Torture Culture (Last Gang)
This legendary Toronto hardcore unit rose from the grave and offered up the spiritual successor to their game-changing 2002 offering Ill Blood. The influence of their work from 15 years ago can't be overstated, but Torture Culture could be the new high point — more focused, diverse and punishingly heavy than ever before.
You're Not You Anymore (Pure Noise/New Damage)
Hamilton unit Counterparts (pictured) have kept up a steady output of melodic hardcore over the years. While You're Not You Anymore finds vocalist Brendan Murphy as the last remaining original member, their sound favours that of their earlier years, albeit more fleshed-out and technical than ever before.
Outsider (New Damage)
They've been together for almost two decades, yet Comeback Kid proved that they're still full of genre-challenging ideas and interesting song structures on Outsider. Blending melodic elements flawlessly with the breakneck riffing they are best known for, they've concocted a compelling medley that serves as a breath of fresh air.
Victory Lap (Epitaph)
The storied Winnipeg unit's latest offering comes as a much-needed reality check, packed with poignant and politically charged anthems that also sonically reflect the band's maturity. Not only do Propagandhi maintain the energy and aggression of their earlier work, but with each release comes additional layers of depth.

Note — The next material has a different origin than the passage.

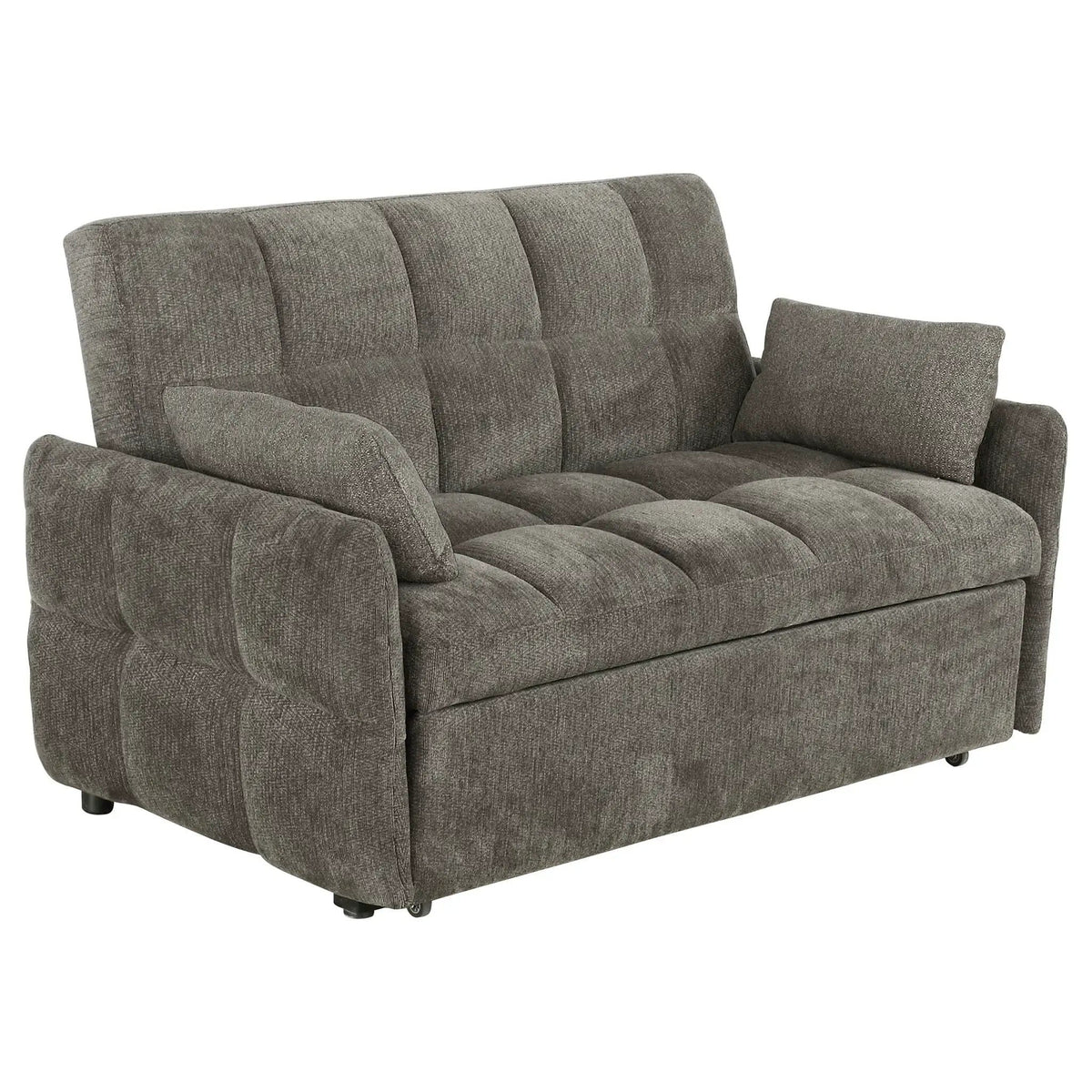 Cotswold Upholstered Convertible Sleeper Sofa Bed Dark | 59 x 32.25 x 36 in | Chenille | Grey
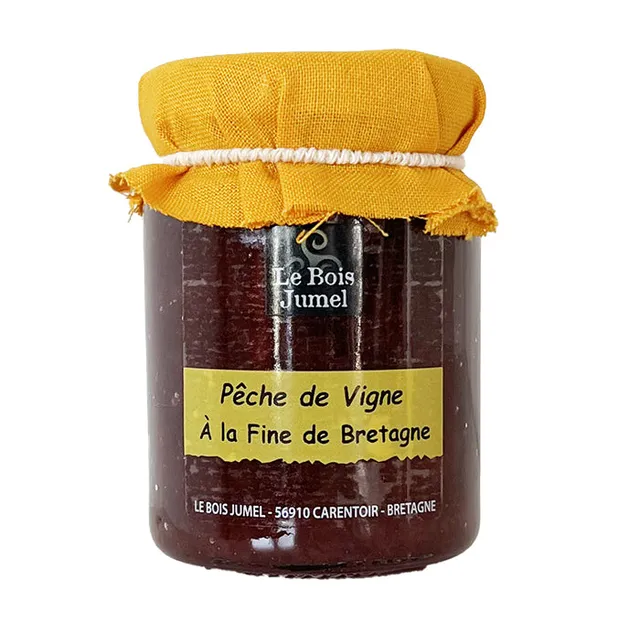 La Trinitaine Confiture pêche de vigne fine Bretagne 120g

No Cure For Death (Southern Lord)
Fronting hardcore supergroup SECT is Chris Colohan, bringing his unmistakable gnarled vocals — which fans of Cursed know and love — to the crushing vegan straight-edge beatdown of No Cure For Death. Few records come as close to this in terms of sheer aggression, in no small part due to Colohan's stellar delivery across this dense and absolutely feral set.